« Puisqu’on devra continuer à vivre sous le toit belge, il vaudrait mieux en réparer les fissures. » C’est peut-être en s’inspirant de cette formule du politologue flamand Dave Sinardet (revue Pouvoirs n °136, janvier 2011) que le nationaliste Bart De Wever, devenu premier ministre de la Belgique le 3 février, a opéré son étonnante mue. Passant de la vision romantique d’une Flandre indépendante en Europe à la prise en main d’un gouvernement fédéral censé remettre l’Etat belge sur les rails, l’ex-président de l’Alliance néoflamande (N-VA) a négocié ce tournant avec une telle rapidité que beaucoup s’interrogent sur cette minirévolution.
L’ancien séparatiste pur et dur, adversaire du régime monarchique, aurait donc accepté le fardeau d’une charge de premier ministre quitte à risquer, comme la plupart de ses prédécesseurs, une chute vertigineuse de sa cote de popularité ? A peine installé à la tête d’un Etat contraint d’économiser 33 milliards d’euros et de procéder à des réformes structurelles, il doit affronter un mouvement social qui mobilise tant les Wallons que les Flamands.
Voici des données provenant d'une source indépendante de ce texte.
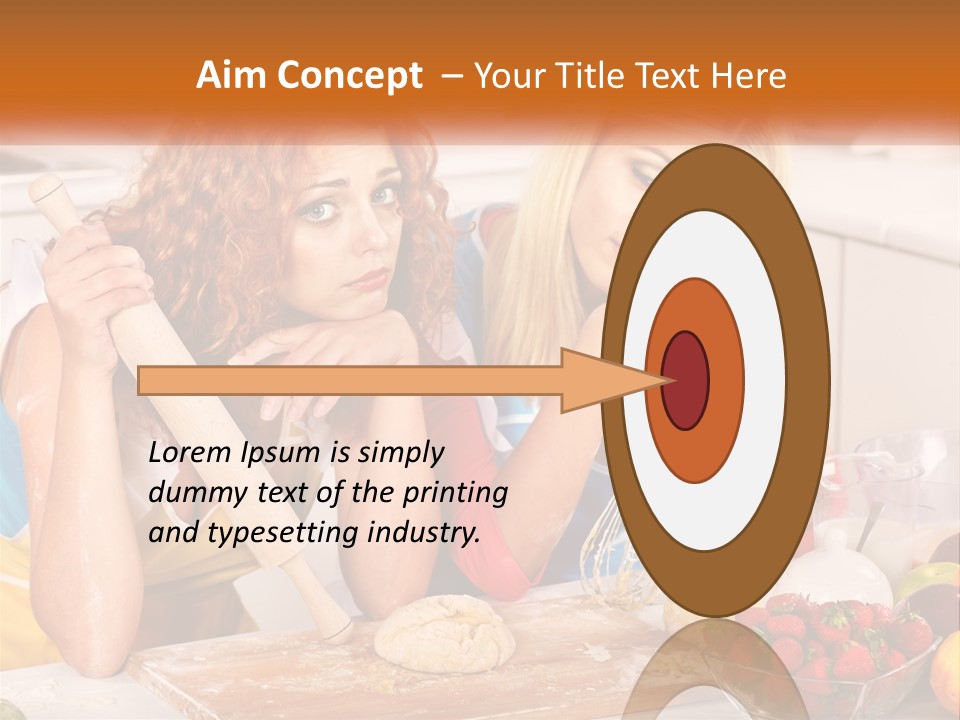 Two Women In The Kitchen With Rolling Dough PowerPoint Template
Le même Bart De Wever déclarait, en 2016, alors que son parti gouvernait avec le libéral francophone Charles Michel, qu’il songeait toujours à l’indépendance. Il la décrivait « non pas comme un but » pour la Flandre, mais comme un moyen d’assurer une « gouvernance démocratique pour les deux communautés de [son] pays ». Aujourd’hui, il affirme qu’il se contenterait du confédéralisme, un système que son parti définit comme une autonomie encore plus large octroyée aux entités fédérées, afin qu’elles exercent leurs compétences « au plus près des gens ». Mais tout en conservant un Etat, fédéral ou confédéral, disposant de pouvoirs régaliens.
Forme hybride
Est-ce vers cela que se dirige le nouveau chef du gouvernement, appuyé sur deux alliés néerlandophones, dont le parti de gauche Vooruit, qui a décidé de respecter les résultats des urnes, quitte à braver la colère de la rue ? Et surtout sur deux alliés francophones, un parti libéral de droite et un autre, centriste, qui lui ont offert la divine surprise d’écarter le Parti socialiste du pouvoir régional en Wallonie, « parti des assistés » à ses yeux.